# Warwick Corvette Standard or Corvette $$?



## PortersX2RayGun (Apr 27, 2011)

I'm trying to find which would be the most Djenty. I have the option to buy either one, but not the ability to try them out. But I'm wondering which you guys would recommend for teh Djent . 
The Standard is two passive single coils, and the Double Buck is two passive humbuckers.
Both are also 5 strings.


----------



## Tapaska (Apr 28, 2011)

Get the $$. It brings you the brightness and growl and lots of mids. I have had both corvette std and corvette double buck, so I guess I can say that the std was just straight out disappointment compared to the $$. 

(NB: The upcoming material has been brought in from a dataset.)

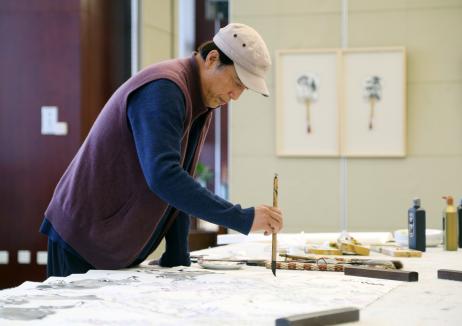 红星闪耀·绘中华——名师名家未来小画家美术人才作品展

If you're going for teh djents, you need that active pre-amp. If I'm not totally wrong, the standard corvette has a passive/passive configuration. My own opinion is that go and buy a double buck. You won't regret it. It is by far the best bass I've laid my hands on. 
+It looks a lot cooler than the corvette standard IMO.


----------



## engage757 (Apr 28, 2011)

I assume you are talking about the ROckbass, as that it the only passive $$ you can buy.

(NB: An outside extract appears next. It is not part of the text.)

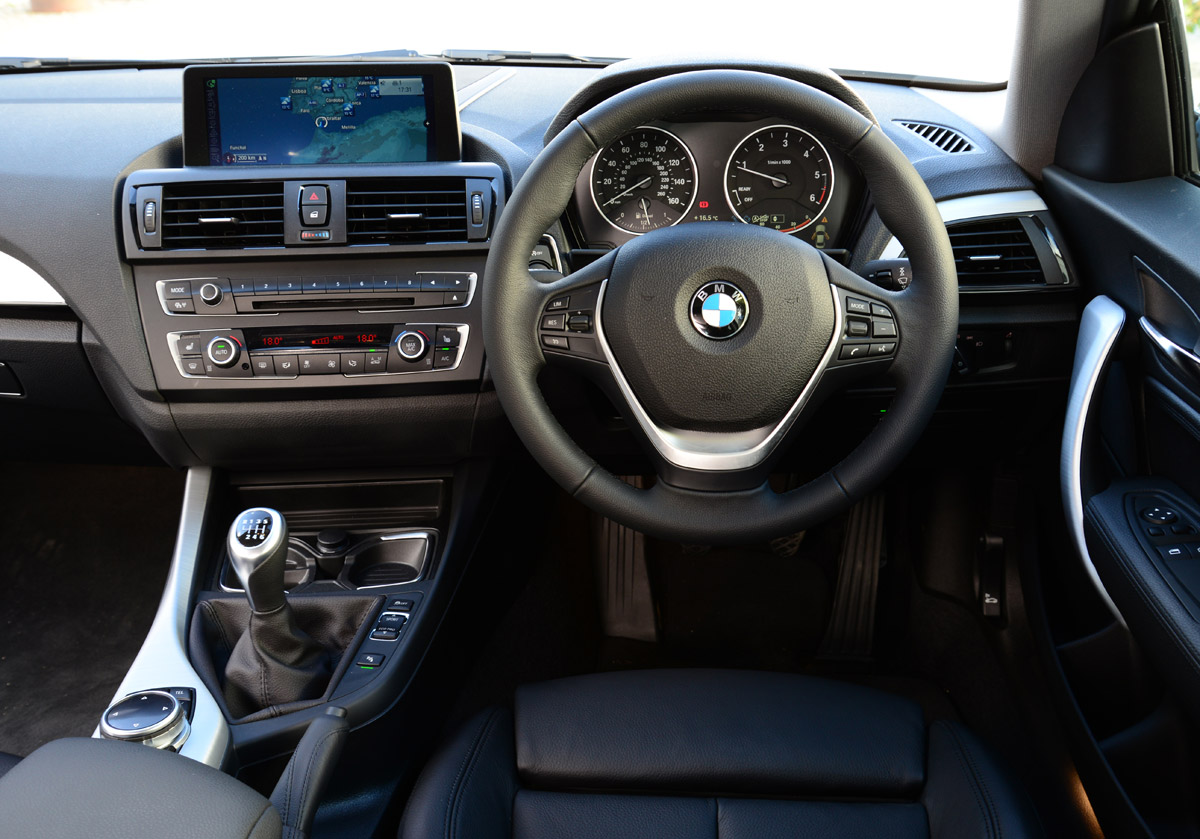 BMW 220d 2014 interior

The Corvette Standard is really nothing that special man. The $$ is. Every possible configuration you can think of on the real one. The Rockbass has a pickup splitting option also that is pretty sweet.

In my opinion, you should save some more money and get the real Corvette $$. Think of it this way man. You can get a used one for around a grand. A well-built German one. Or you can spend $7-800 on a new Korean one. 

Just an idea!


----------



## PortersX2RayGun (Apr 29, 2011)

I'm actually getting it off of Craigslist for $400.


----------